For this exercise, repeat exactly the lines below starting at the line holding "Minimalist Japanese-style entryway" and ending at the line holding "Appraisal: PAIR OF", both included, with no extra lines and no pictures.

* Data for the task

....

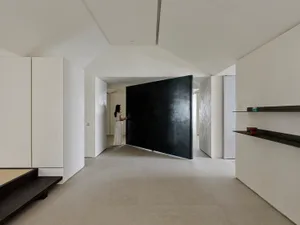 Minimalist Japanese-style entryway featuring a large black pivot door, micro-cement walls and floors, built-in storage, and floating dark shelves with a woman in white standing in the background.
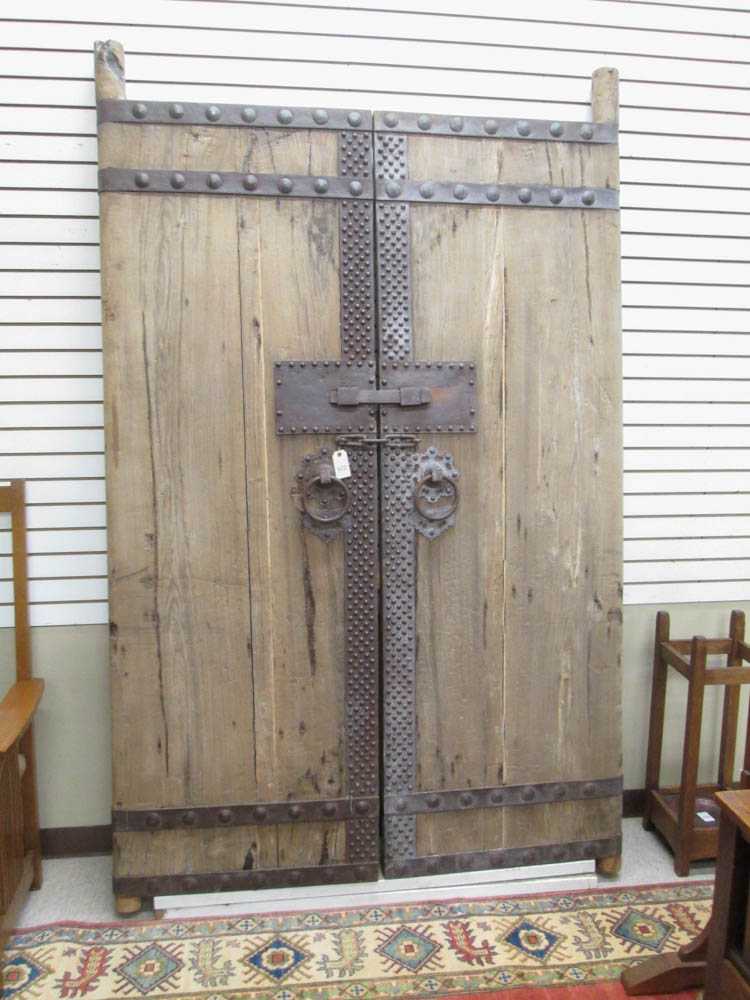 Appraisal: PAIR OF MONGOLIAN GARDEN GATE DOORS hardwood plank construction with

....

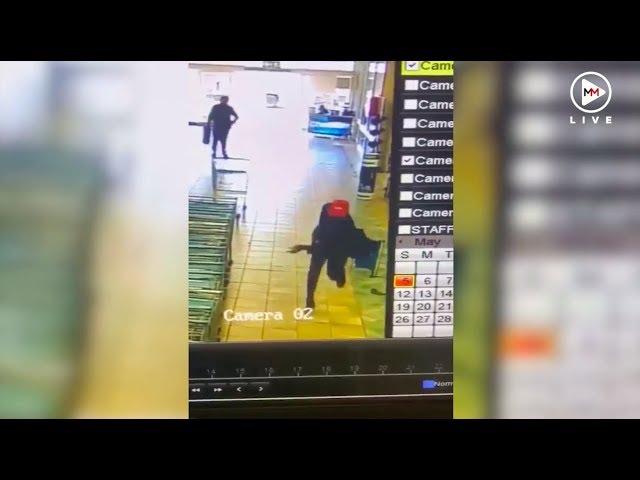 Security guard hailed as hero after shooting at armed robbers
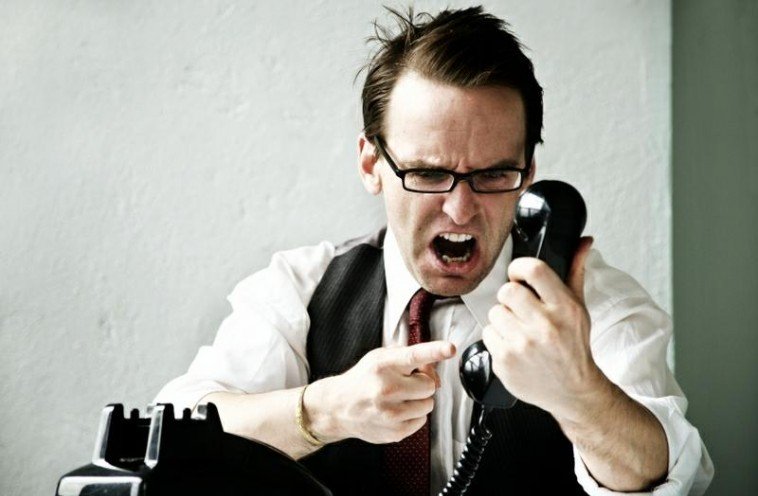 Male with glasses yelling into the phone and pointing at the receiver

....

* Solution to this exercise
 Minimalist Japanese-style entryway featuring a large black pivot door, micro-cement walls and floors, built-in storage, and floating dark shelves with a woman in white standing in the background.
 Appraisal: PAIR OF MONGOLIAN GARDEN GATE DOORS hardwood plank construction with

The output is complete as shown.